> **YOUR TASK**: Copy out the records precisely, omitting pictures.

Pictures with short captions:
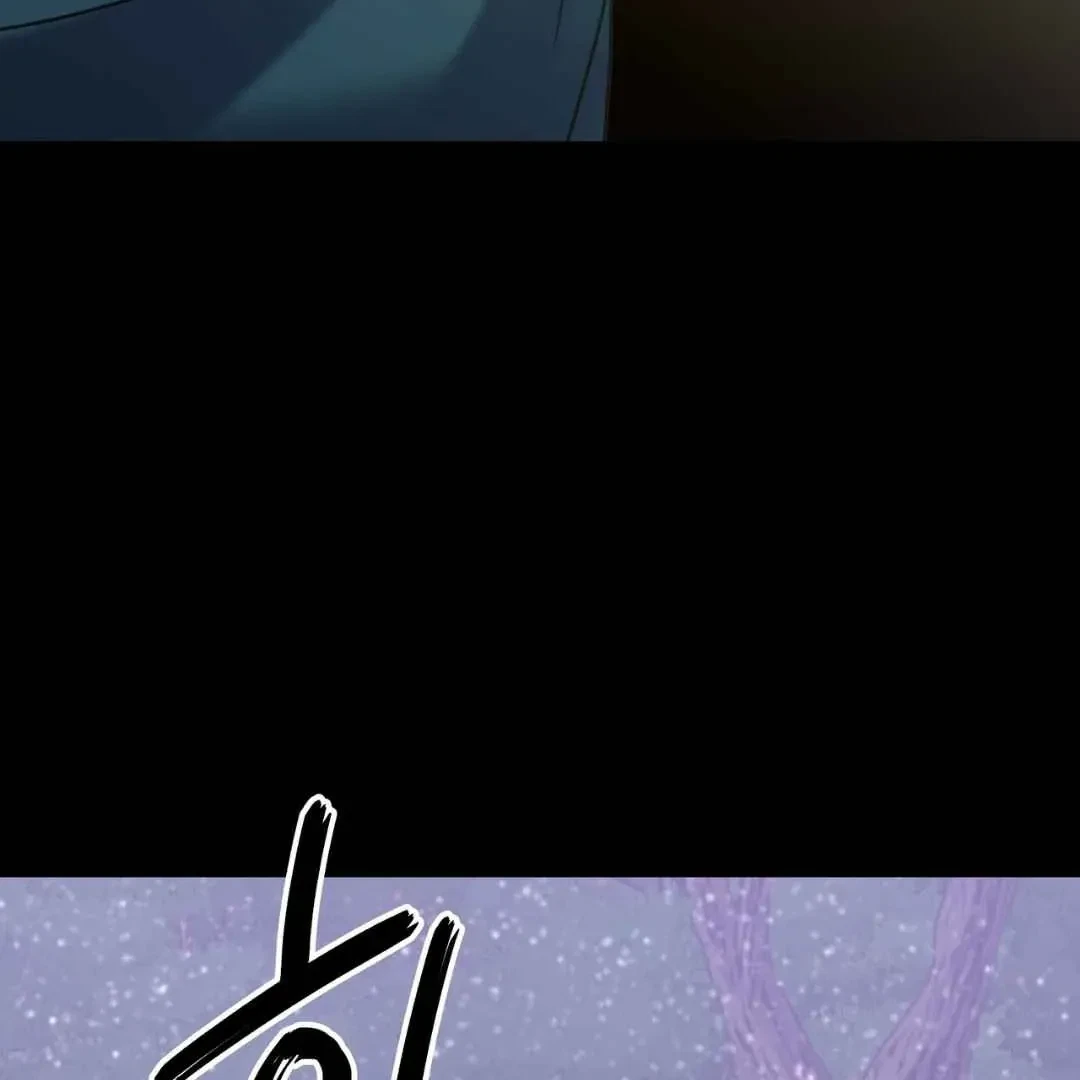 Chapter 4, page 13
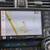 2021 Toyota 4Runner 4x4 4WD 4 Runner Nightshade SUV 12 thumbnail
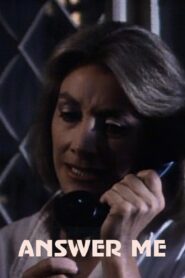 Answer Me 1985 on netflix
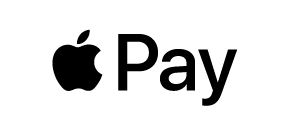 Apple Pay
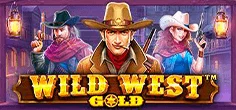 Wild West Gold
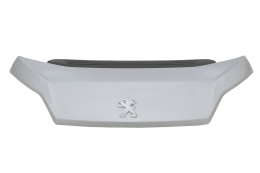 MASKA POKRYWA SILNIKA PEUGEOT BOXER II LIFT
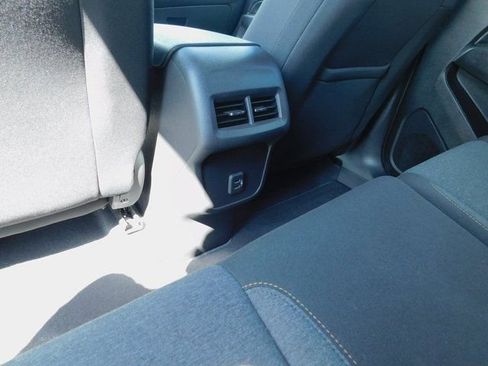 Used 2022 Chevrolet Equinox LT FWD image 21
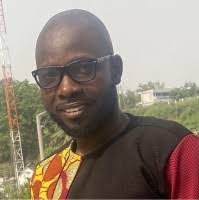 200+ "Ofori-amanfo" profiles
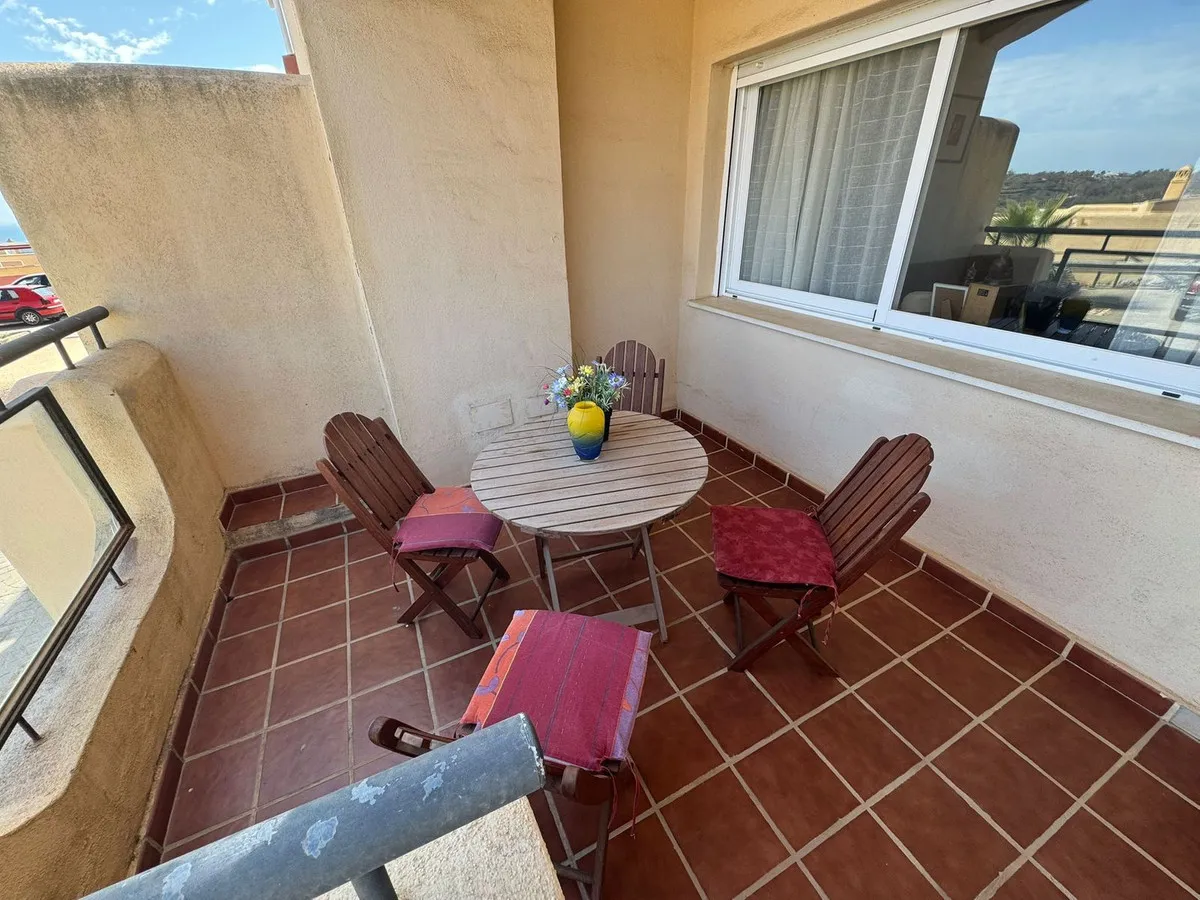 ebbd8625-bf3e-4df1-be19-1aa3e216118b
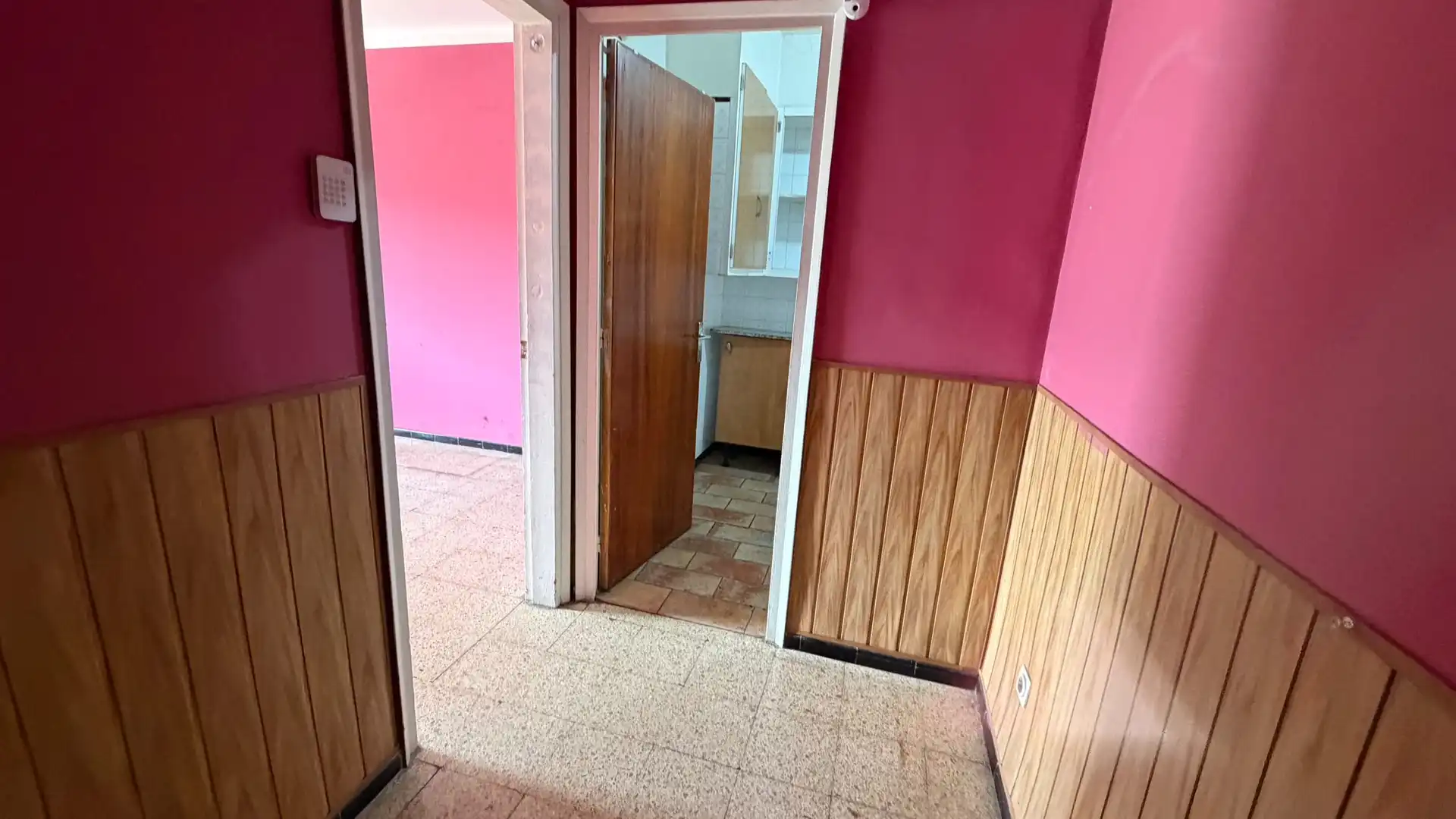 Appartamento in vendita a C/ Rasa, imagen 9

> **EXERCISE RESULT**:
 Chapter 4, page 13
 2021 Toyota 4Runner 4x4 4WD 4 Runner Nightshade SUV 12 thumbnail
 Answer Me 1985 on netflix
 Apple Pay
 Wild West Gold
 MASKA POKRYWA SILNIKA PEUGEOT BOXER II LIFT
 Used 2022 Chevrolet Equinox LT FWD image 21
 200+ "Ofori-amanfo" profiles
 ebbd8625-bf3e-4df1-be19-1aa3e216118b
 Appartamento in vendita a C/ Rasa, imagen 9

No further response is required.